## ACTIVITY
Find the line containing "Logomarca do site Literatura Jurídica". Retype it and every later line of the records exactly, leaving out pictures.

## GIVEN RECORDS
BEGIN

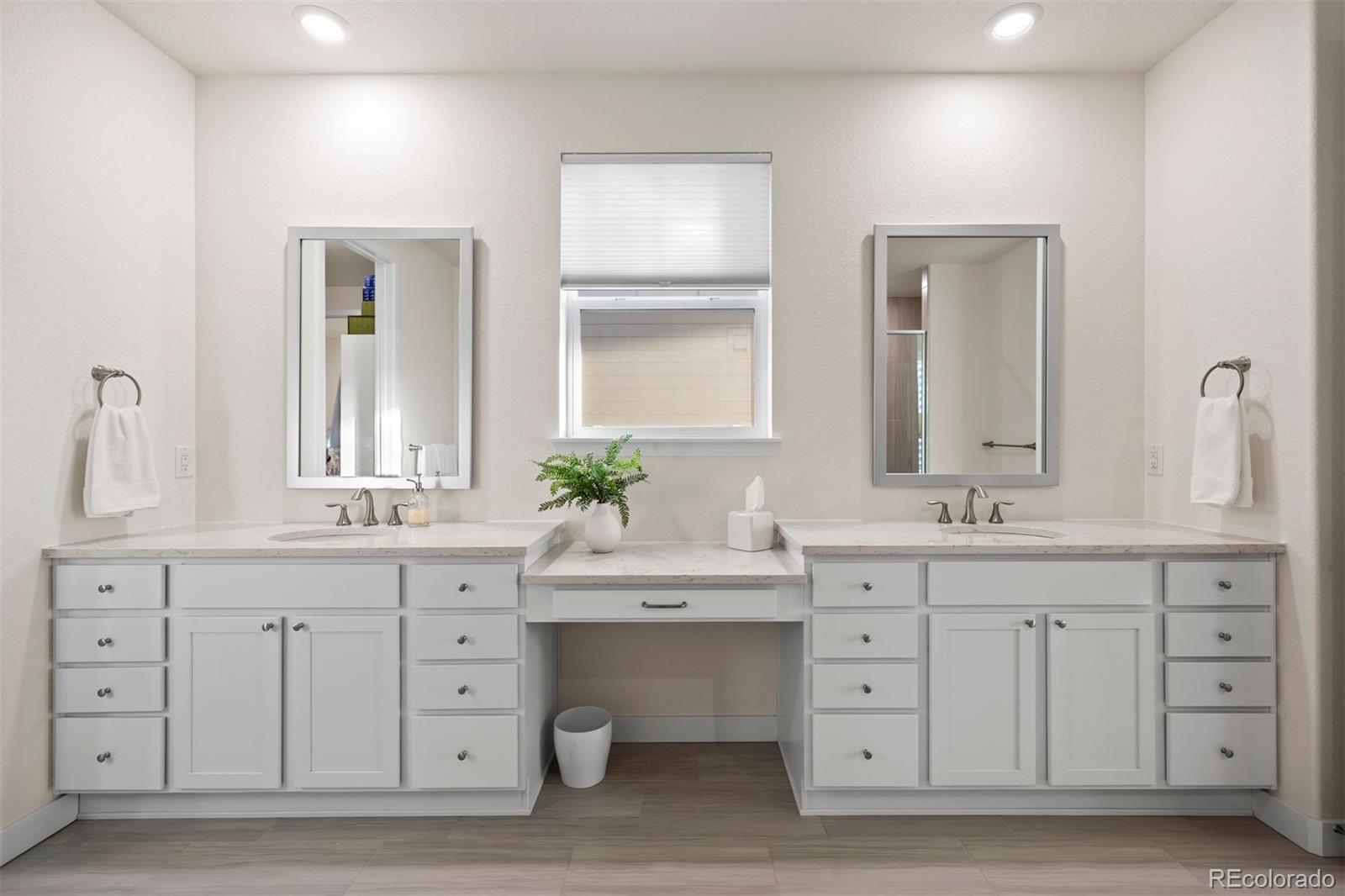 MLS Image #24 for 8751 s wenatchee court,aurora, Colorado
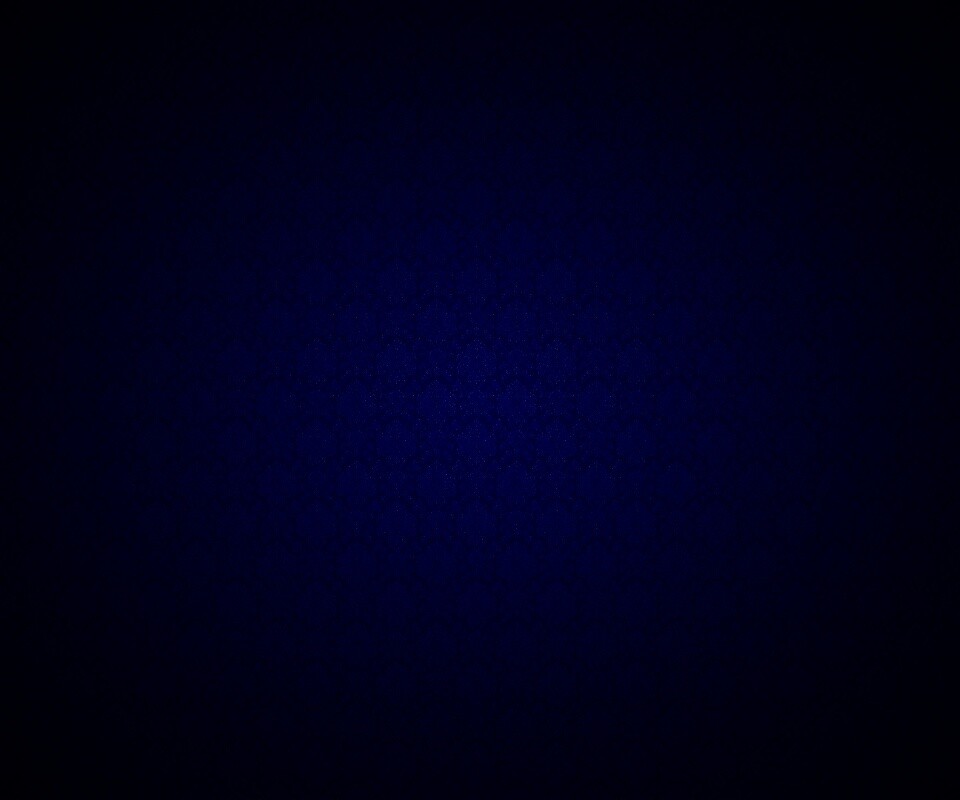 Темно-Серый фон обои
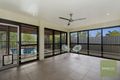 Property photo of 23 Afton Way Mount Louisa QLD 4814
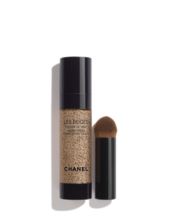 Chanel Les Beiges Healthy Glow Sheer Powder - Healthy Glow Powder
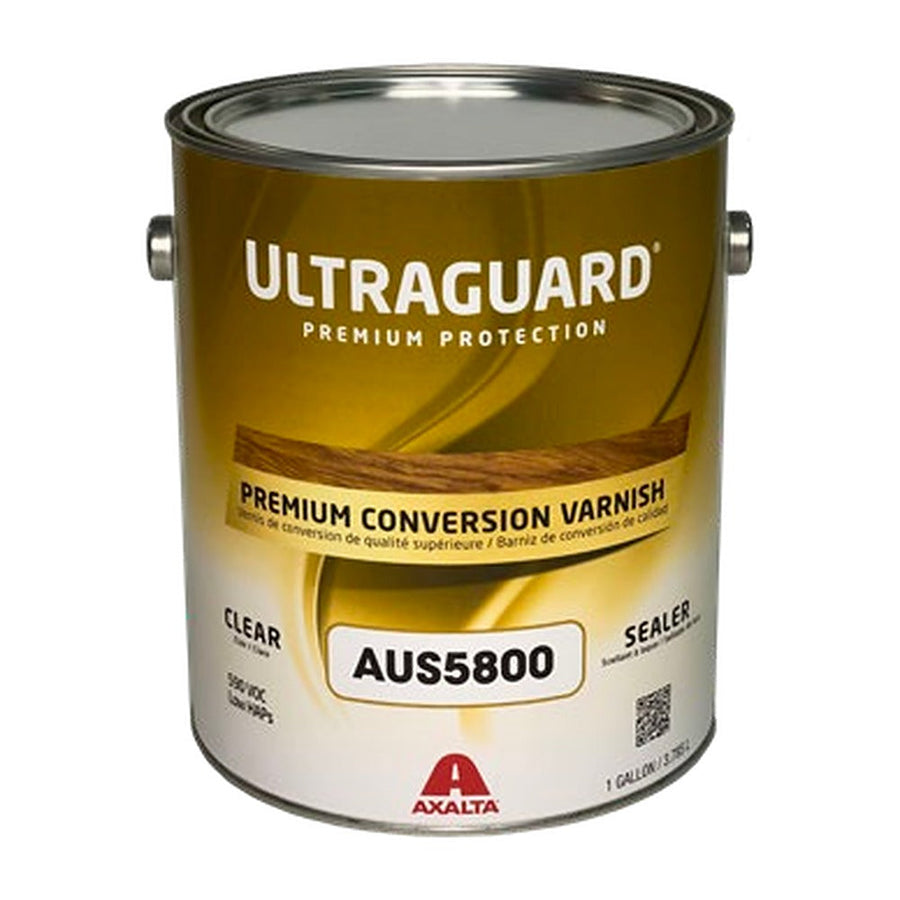 Shop the Axalta UltraGuard Conversion Varnish Sealer at Cincinnati Color Company in Cincinnati, OH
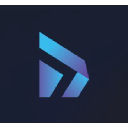 Dymaxel Systems logo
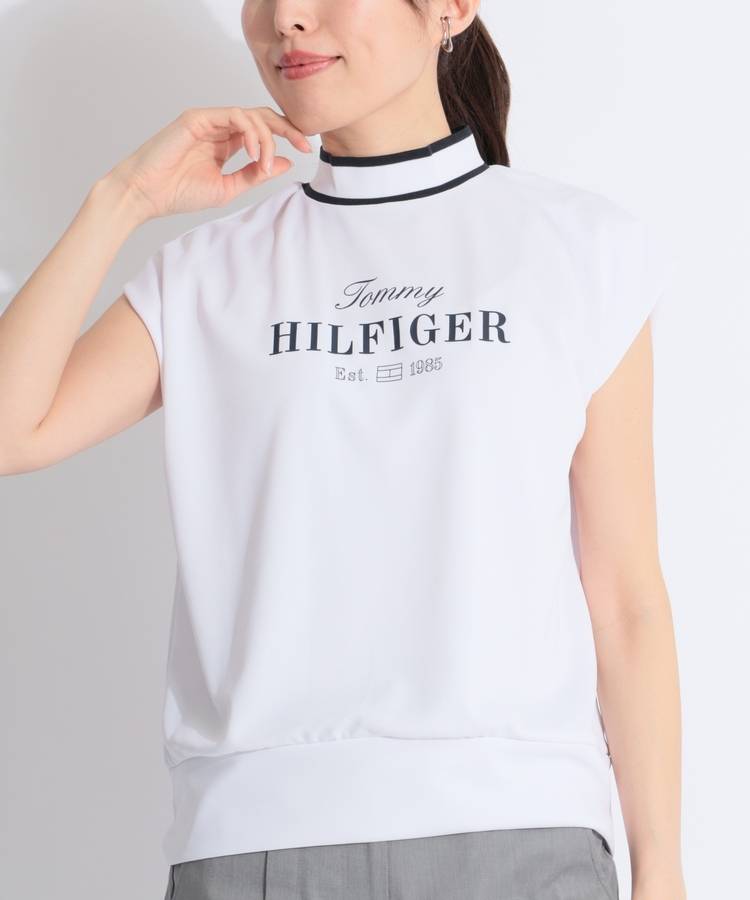 トミー ヒルフィガー ゴルフ(Tommy Hilfiger)人気のゴルフ トミー ヒルフィガー ゴルフ(Tommy Hilfiger)人気のゴルフ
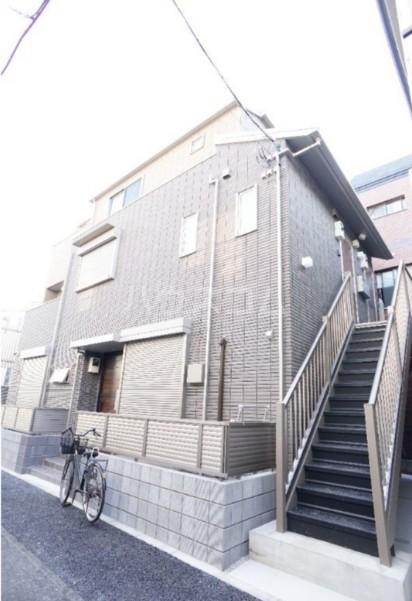 アンパサンド &
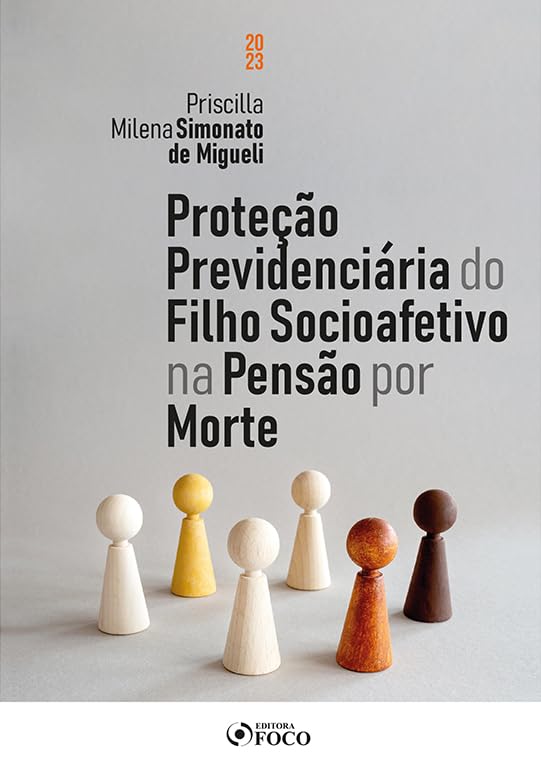 Logomarca do site Literatura Jurídica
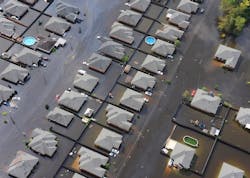 1655260765257 Flood 1 1655260765257 Flood 1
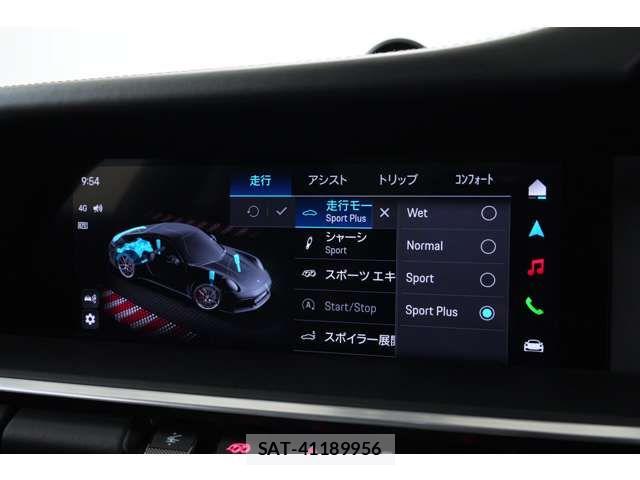 Porsche 911 2025-07 7223543-2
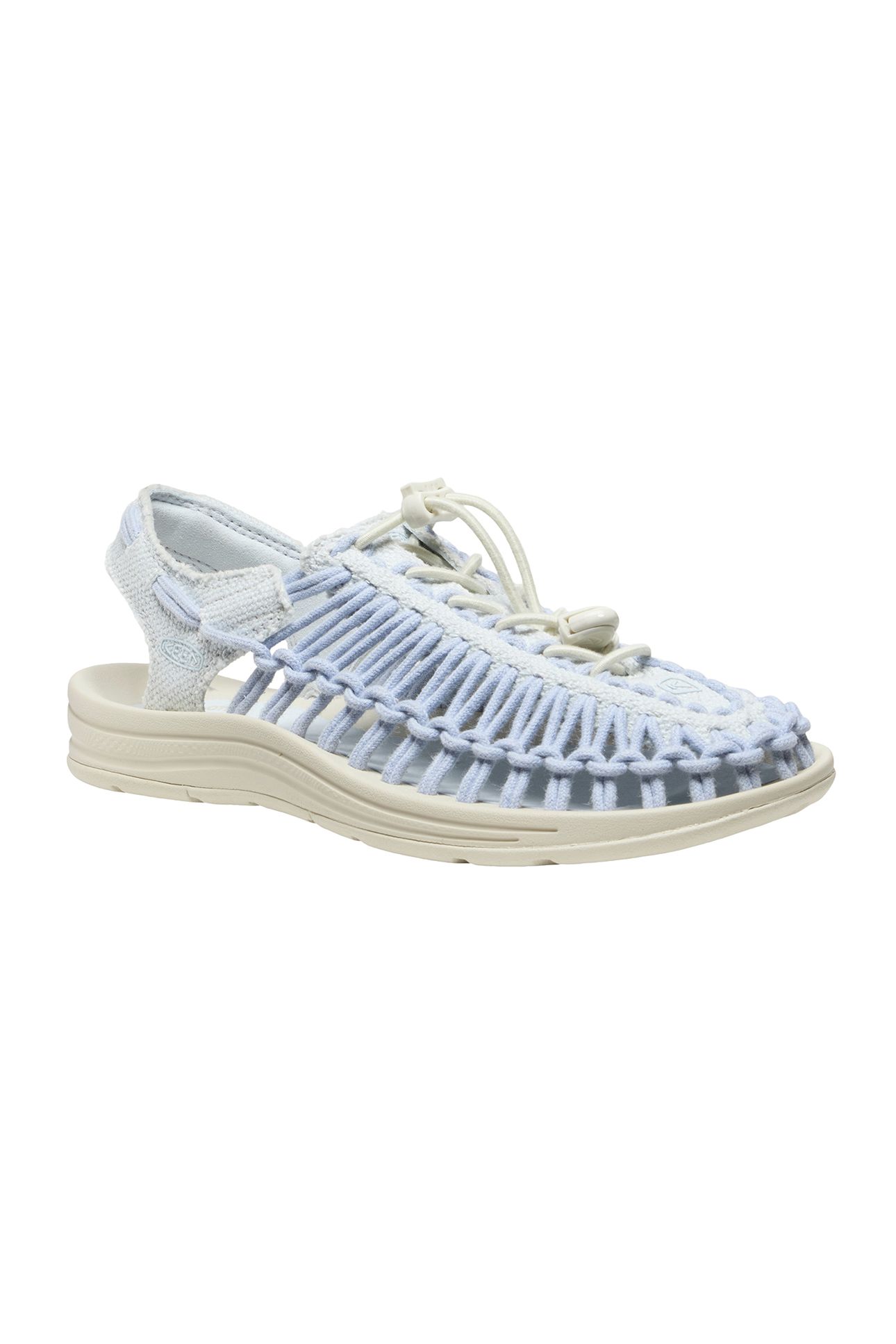 UNEEK CANVAS BALLAD BLUE/BALLAD BLUE 4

END

## WRITTEN SOLUTION
 Logomarca do site Literatura Jurídica
 1655260765257 Flood 1 1655260765257 Flood 1
 Porsche 911 2025-07 7223543-2
 UNEEK CANVAS BALLAD BLUE/BALLAD BLUE 4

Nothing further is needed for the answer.